Sassani squatted at the edge of the blood-sodden rug to study the carnage. “Ysabel,” he said.

The Afghan police captain’s face screwed up in disbelief. “How can you be sure?”

“This man has been killed many times over,” Sassani said. He stood up and wiped his hands on the front of his trousers, though he’d touched nothing. “Females are emotional creatures. They routinely find it necessary to overkill someone they hate or fear.”

The leftover food laid out on the carpets was cool, but not yet too infested by insects. The ashes in the fire pit still gave off heat when stirred.

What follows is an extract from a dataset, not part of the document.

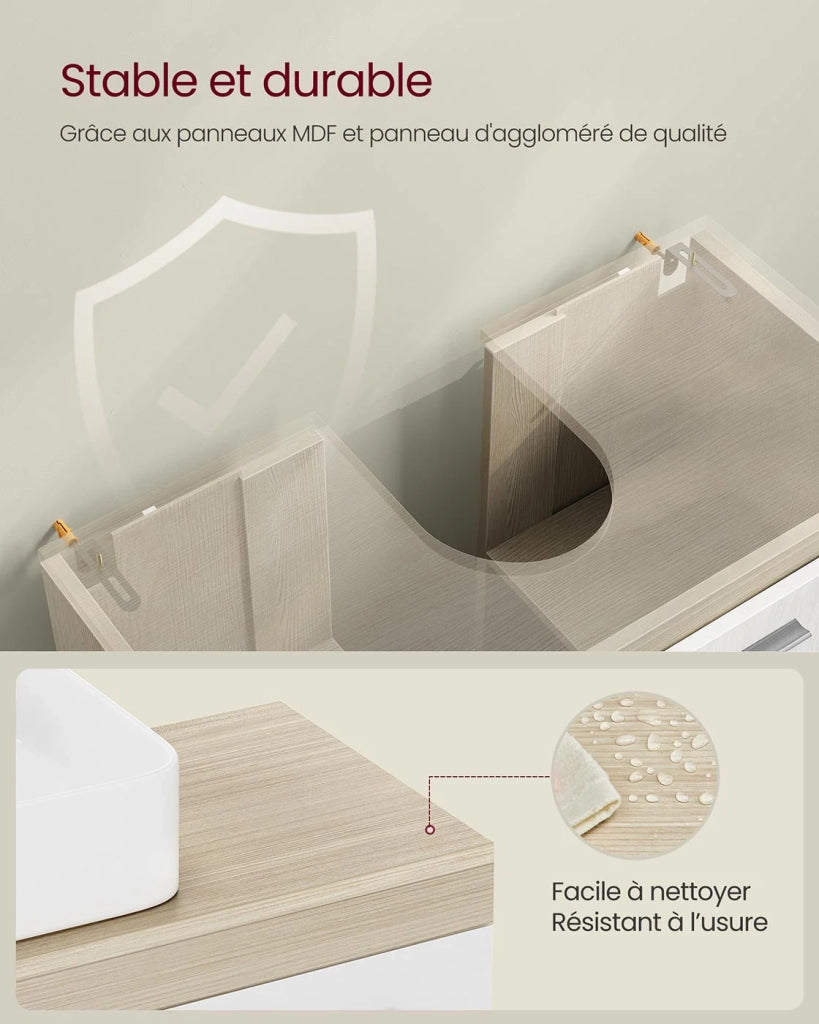 Mobile bagno con 2 vani dietro ante per vari tipi di lavabi con gambe 30 x 60 x 60 cm beige 12_0006534
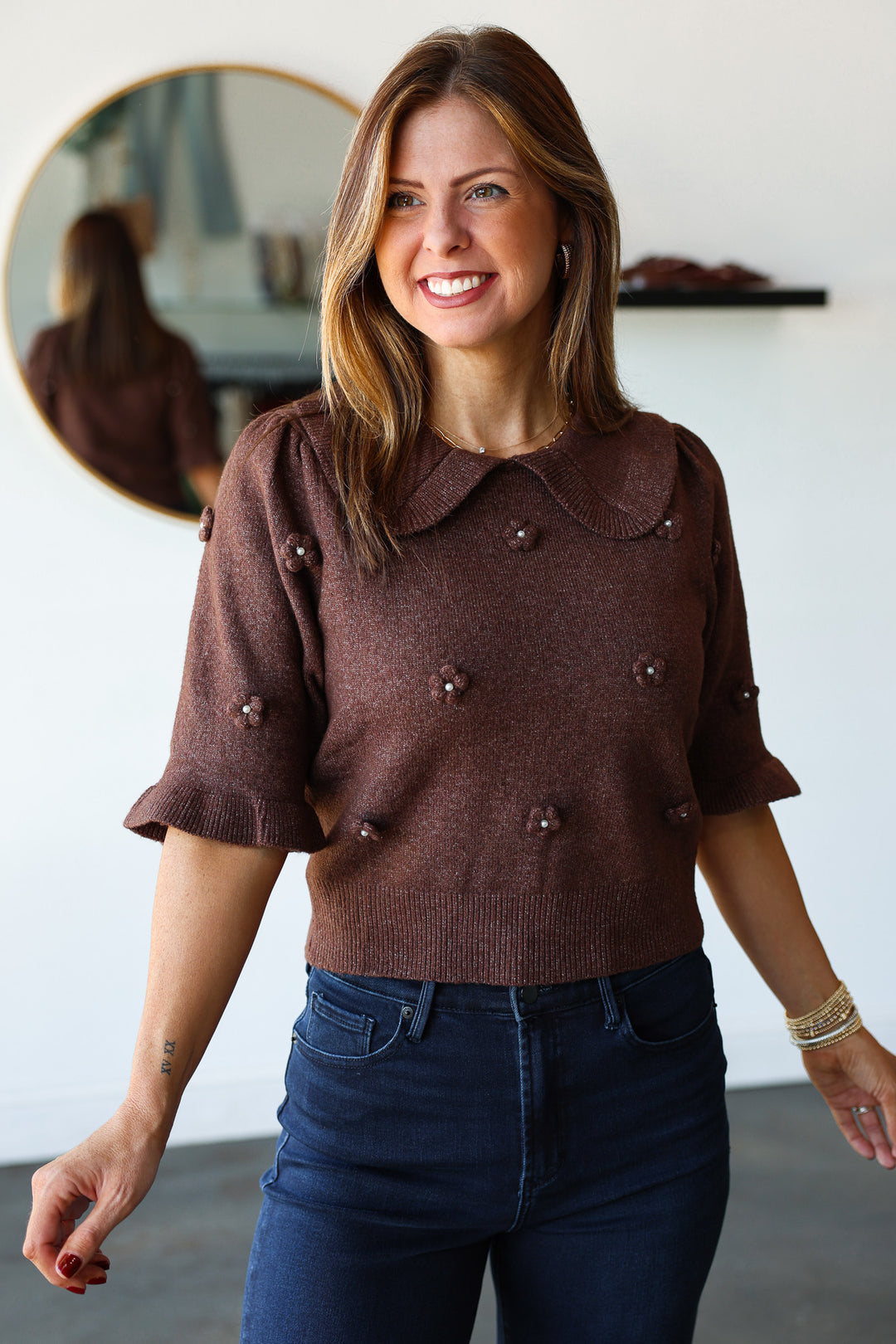 Floral Embellished Sweater - Brown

“They have not been gone long,” Sassani said. “Places set for four… I wonder who else besides Kashani and Dovzhenko. Surely none of these bodyguards.” The major thought on this while he walked through the house. “Seven dead,” he muttered as he stepped over the body of what he suspected was the cook. The Russian was more of a man than he’d thought. He turned to the Iranian antinarcotics liaison, a swarthy little man named Malik with arms that looked powerful, if a bit too short for his body. “Please speak to your contacts at the airport,” Sassani said. “These fugitives are extremely dangerous.”

“Of course, Major,” Malik said, but he made no effort to make the call.

“At once,” Sassani prodded. “They could already be there.”

“Yes,” Malik blustered. “I will have to use the satellite phone from the truck.”

“Satellite phone…” Sassani mused. He nodded to the desk in Omar’s office. There was a letter opener, what looked like a functional Soviet F1 hand grenade, and several other knickknacks arranged around the edge of the desk. There was a clear space in the center where there had once been a laptop computer. “He would have used a satellite connection for the Internet. Would he not?”

The cybertechnician looked as if he was about to vomit again, but he’d regained enough of his wits to follow the rest of the group on the search of the house.

“There is no landline,” he said. “So he must have.”

“Very good.” Sassani searched through the desk drawers until he found a file with instruction pamphlets for a Thuraya XT-Pro satellite phone and a Wi-Fi hotspot of the same brand. He turned to the Afghan captain. “Do you have Flying Fish or some other satellite-monitoring capability?”

The man shook his head. “We rely on the Americans for that technology.”

“I do,” the Iranian cybertech offered. “Not Flying Fish but something similar. We run it continuously, but due to manpower issues do not monitor it unless we are actively hunting someone.”

“Outstanding,” Sassani said. “Because I am.”

“You are what, Major?” the Afghan captain said.

“Actively hunting.”

51

“Is this conversation being taped?”

Senator Chadwick sat on the couch with her back to the Resolute desk, staring at the President through narrow eyes, like he might jump up at any moment and attack her.

“No,” Jack Ryan said. “It’s just you and me.” He nodded toward the exit to the secretaries’ suite. “There is a peephole in that door so people can look in to see if I’m busy. But no tapes.”

“We’ll see,” Chadwick said.

“So,” Ryan said, “I thought maybe you and I must have gotten off to a bad start somewhere.”

“Nope,” Chadwick said. “I just don’t like you. You smell bad to me. Your arrogance rubs me the wrong way. I’m smart enough to know it doesn’t play well with the media if I refuse a sit-down with the President, but that doesn’t mean we have to be friends. So let’s get whatever this is over with. I’ve got a lunch meeting with the chairman of Ways and Means.”

“I see,” Ryan said. He chose his next words carefully. “You and I both know that thick skins are a requirement in this business. I’m used to people not liking me. But I have to tell you, this incendiary dialogue about the flu vaccine is doing some real damage—”

“Good,” Chadwick said. “I hope it cuts your political legs out from under you. If it leaves you unable to handpick your heir apparent when the time comes, then I’ve done my job. The last thing the country needs is another Jack Ryan at the helm when you finally lay down your scepter.”

Ryan took a deep breath. “I was going to say this talk about hoarding vaccine is damaging the American people. False narratives and doctored videos very nearly caused a war in Cameroon.”